CARSON CITY — Democratic lawmakers are proposing Nevada mandate that all health insurance plans cover birth control regardless of religious objections to contraceptives by family-owned businesses — an exemption recently validated by the nation’s highest court.

Two bills introduced in the Legislature would delete state laws that allow employers to exclude birth control pills and devices from their insurance plans if they oppose those treatments on religious grounds. Doing so would force all insurers to cover contraceptives, legislative analysts say.

The U.S. Supreme Court ruled in 2014 that for-profit businesses under the control of just a few people — with no real distinction between the owners and the business — can hold religious views and lawfully choose not to cover employees’ contraceptives.

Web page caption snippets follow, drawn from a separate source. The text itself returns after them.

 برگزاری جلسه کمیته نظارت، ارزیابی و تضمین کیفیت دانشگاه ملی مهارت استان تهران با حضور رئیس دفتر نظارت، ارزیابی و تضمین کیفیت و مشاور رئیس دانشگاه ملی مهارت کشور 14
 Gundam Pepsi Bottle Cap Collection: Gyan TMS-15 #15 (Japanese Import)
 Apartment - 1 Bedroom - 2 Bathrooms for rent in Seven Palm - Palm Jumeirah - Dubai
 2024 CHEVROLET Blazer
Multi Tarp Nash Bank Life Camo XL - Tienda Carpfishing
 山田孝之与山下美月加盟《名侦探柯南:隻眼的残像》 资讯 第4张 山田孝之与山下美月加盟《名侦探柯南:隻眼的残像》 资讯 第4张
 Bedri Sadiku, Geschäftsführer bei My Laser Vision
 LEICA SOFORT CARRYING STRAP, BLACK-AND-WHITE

Democrats are in control of the Nevada Legislature for the first time since the court’s 5-4 decision on former President Barack Obama’s health care law, and they are searching for justification to scrap the exemption entirely, as proposed, or narrow it on the state level.

“It was a federal ruling, so we’re still trying to get an answer to that,” Sen. Julia Ratti, D-Sparks, said of how the change would be lawful in light of the ruling. “I have our legal teams doing some research on it.”

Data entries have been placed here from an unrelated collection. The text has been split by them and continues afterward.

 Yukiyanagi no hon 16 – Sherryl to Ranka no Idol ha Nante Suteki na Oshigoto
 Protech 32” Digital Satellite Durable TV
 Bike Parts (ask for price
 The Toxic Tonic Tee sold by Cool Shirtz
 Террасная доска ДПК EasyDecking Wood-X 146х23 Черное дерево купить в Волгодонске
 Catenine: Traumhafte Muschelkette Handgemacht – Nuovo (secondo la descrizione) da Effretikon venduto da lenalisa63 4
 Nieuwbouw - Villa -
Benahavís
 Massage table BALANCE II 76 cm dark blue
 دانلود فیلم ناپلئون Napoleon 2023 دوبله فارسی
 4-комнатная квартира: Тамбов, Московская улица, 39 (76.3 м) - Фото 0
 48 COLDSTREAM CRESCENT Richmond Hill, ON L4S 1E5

Ratti is one of three main sponsors of the Nevada legislation, along with Assembly Speaker Jason Frierson, D-Las Vegas, and Assemblywoman Teresa Benitez-Thompson, D-Reno. Their bills also aim to increase the medical services that private insurers must provide at no extra charge.

“My goal is to make sure that as many women as possible have access to the health services that they need,” Ratti said.

Nevada would join five other states in allowing doctors to prescribe 12-month supplies of birth control under Senate Bill 233 and Assembly Bill 249. And both bills would require health insurance to cover voluntary sterilization procedures — vasectomies for men and tubal ligation for women.

Additionally, Ratti’s bill would make insurance, including Medicaid, cover prenatal tests; screenings for diabetes, blood pressure abnormalities and depression; all federally recommended vaccinations; and counseling for breastfeeding, domestic violence and sexually transmitted diseases.

Pap smears and mammograms already must be covered under Obama’s health care law. Ratti’s bill would mandate that, should the health law be changed, insurance companies still could not charge for those services. In part, the bill reflects the majority party’s effort to enshrine the Affordable Care Act in state law.

Legislative analysts have not yet published the estimated state costs of SB233 and AB249.

All 38 Democratic lawmakers have signed on to co-sponsor the bills, both of which are scheduled for Monday hearings in their respective houses.

“This upcoming week, we’re going to continue to roll out some bills that reflect our values and the things and principles that we say we stood for,” Frierson told reporters.

Other bills up for consideration this week include a plan for the state to solicit donations and federal grants to help low-income Nevadans access birth control, STD and pregnancy testing and information on preparing for a baby. The state would distribute that money to local governments or nonprofit organizations like Planned Parenthood to fund contraception and other “family planning” services.

Sen. Yvanna Cancela, D-Las Vegas, will present Senate Bill 122 at a hearing Wednesday.